=== Excerpted data ===
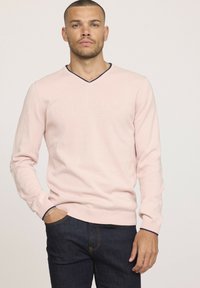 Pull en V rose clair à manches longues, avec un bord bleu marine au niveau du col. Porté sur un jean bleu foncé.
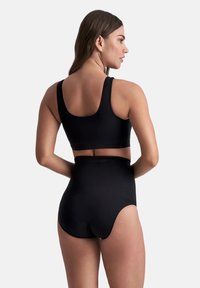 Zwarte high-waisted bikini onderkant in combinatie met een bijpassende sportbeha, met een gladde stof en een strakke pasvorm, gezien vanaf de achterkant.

* * *

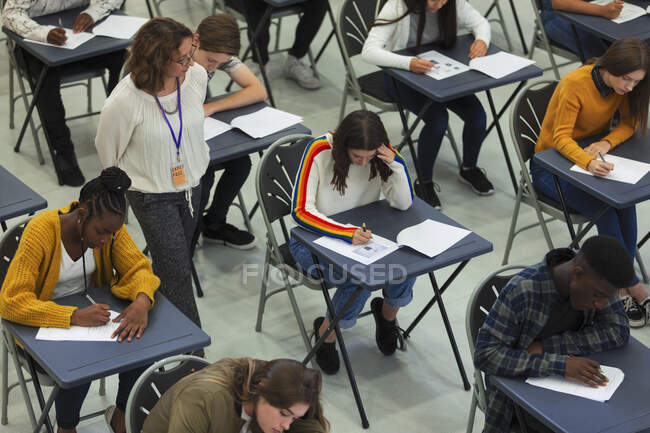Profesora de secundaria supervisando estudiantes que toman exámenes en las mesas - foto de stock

=== Work to complete ===
Retype, exactly and with no pictures, everything above from the line with "Pull en V rose" down to the line with "Zwarte high-waisted bikini", both included.

=== Solution below ===
 Pull en V rose clair à manches longues, avec un bord bleu marine au niveau du col. Porté sur un jean bleu foncé.
 Zwarte high-waisted bikini onderkant in combinatie met een bijpassende sportbeha, met een gladde stof en een strakke pasvorm, gezien vanaf de achterkant.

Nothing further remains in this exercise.